Although the vaccine rollout has started, Australia may not have yet seen the full impact of COVID-19 on our industrial workplaces, according to a recent roundtable of business, security, and supply chain sector experts hosted by Nirovision, the workplace health & safety solution developer.

The roundtable, which has been summarised into the whitepaper Keeping Australia Open for Business, voiced concern that we may be in for a third wave of outbreaks as restrictions relax. In addition, they felt that business confidence in their COVID-response plans is too high and will not translate into reality if tested, particularly when faced with rapidly changing guidelines, unknown timeframes, multiple rumours, and general panic among staff.

Michael Brown is an IT&C Director at Visium Networks, which saw multiple clients experience outbreaks last year. Brown said: “From a readiness perspective, the reality of how you have to react in a real COVID outbreak versus your expectations can vary widely because until it occurs, you have never had direct contact with the relevant government department to know what their demands are, and what they need you to do.”

However, it was noted that whether the health and safety measures introduced this year will be retained as the threat fades, most if not all industry sectors have gone through a rapid digital transformation that will greatly increase productivity. New technologies and adaptive existing technologies, born out of a COVID-19 response, are allowing greater flexibility in how we work and how our time, security and health moving forward.

Clint Wolff, Managing Director of Innovative Security & Data, explained: “In many organisations, the infrastructure was already in place to be able to deploy things like contract tracing or to add identification tracing to existing security cameras. There are multiple benefits to be realised that not only make us more efficient from a technological or security perspective, but also from a continuous improvement process and people basis.”

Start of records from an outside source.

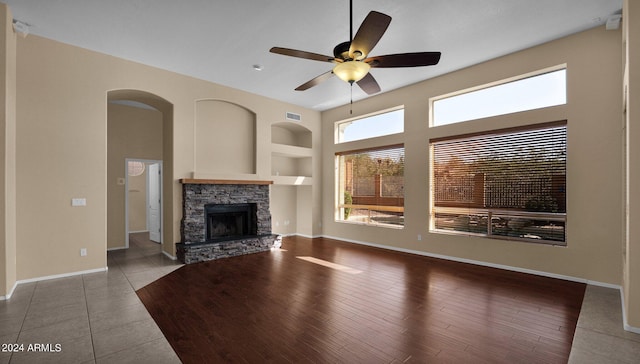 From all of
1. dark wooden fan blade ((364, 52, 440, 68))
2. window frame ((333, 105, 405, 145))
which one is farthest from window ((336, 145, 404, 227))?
dark wooden fan blade ((364, 52, 440, 68))

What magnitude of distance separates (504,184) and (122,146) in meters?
7.89

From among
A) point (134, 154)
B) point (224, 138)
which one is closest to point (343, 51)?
point (224, 138)

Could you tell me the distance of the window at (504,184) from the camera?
4.46 m

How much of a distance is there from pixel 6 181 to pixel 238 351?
137 inches

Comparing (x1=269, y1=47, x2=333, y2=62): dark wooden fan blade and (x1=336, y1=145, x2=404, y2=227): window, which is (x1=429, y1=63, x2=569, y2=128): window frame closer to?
(x1=336, y1=145, x2=404, y2=227): window

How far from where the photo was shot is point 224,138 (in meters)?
6.38

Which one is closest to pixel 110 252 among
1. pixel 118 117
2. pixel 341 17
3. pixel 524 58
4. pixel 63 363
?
pixel 118 117

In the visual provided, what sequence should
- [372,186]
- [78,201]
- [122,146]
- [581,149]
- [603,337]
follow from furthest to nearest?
1. [372,186]
2. [122,146]
3. [78,201]
4. [581,149]
5. [603,337]

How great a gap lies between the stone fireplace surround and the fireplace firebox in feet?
0.41

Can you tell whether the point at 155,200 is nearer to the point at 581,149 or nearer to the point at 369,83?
the point at 369,83

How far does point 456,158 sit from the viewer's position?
5535mm

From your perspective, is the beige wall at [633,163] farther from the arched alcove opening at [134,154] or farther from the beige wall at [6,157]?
the beige wall at [6,157]

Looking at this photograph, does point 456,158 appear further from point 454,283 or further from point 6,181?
point 6,181

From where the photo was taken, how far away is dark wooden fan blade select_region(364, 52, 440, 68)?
2.78 metres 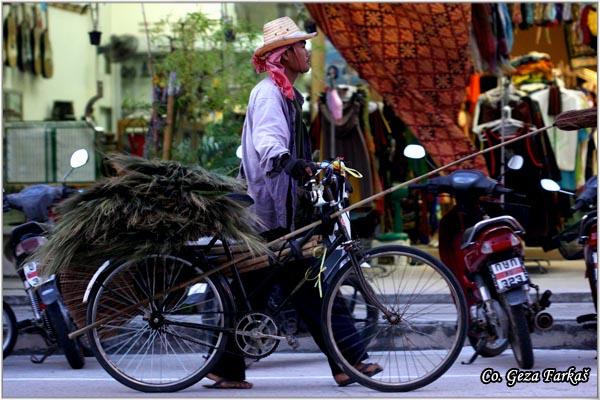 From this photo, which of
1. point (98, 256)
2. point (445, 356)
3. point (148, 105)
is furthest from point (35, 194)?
point (148, 105)

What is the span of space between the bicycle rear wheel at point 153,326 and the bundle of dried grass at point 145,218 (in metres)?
0.12

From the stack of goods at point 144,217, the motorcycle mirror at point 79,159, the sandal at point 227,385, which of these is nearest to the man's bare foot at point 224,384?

More than half (57%) of respondents in a recent Nirovision survey believe that their workplace will return to a pre-COVID level of normality in less than a year, with around a third (31%) believing that normality will return between one and two years. Only 7% of respondents believed that their workplace will not return to a pre-COVID level of normality until two years or more.

“How to keep business open and safe in a strategic way, rather than reacting with short-term measures that negatively affect workplaces and their supply chains, is the most important issue businesses across all sectors are grappling with now,” commented Christian Beck, founder of Australian Technology Innovators and Nirovision. “Whether we face this threat for only a few more months, or it extends into years, we need to allow our businesses, and most importantly their workforces, some form of stability that upholds their protection and safety.”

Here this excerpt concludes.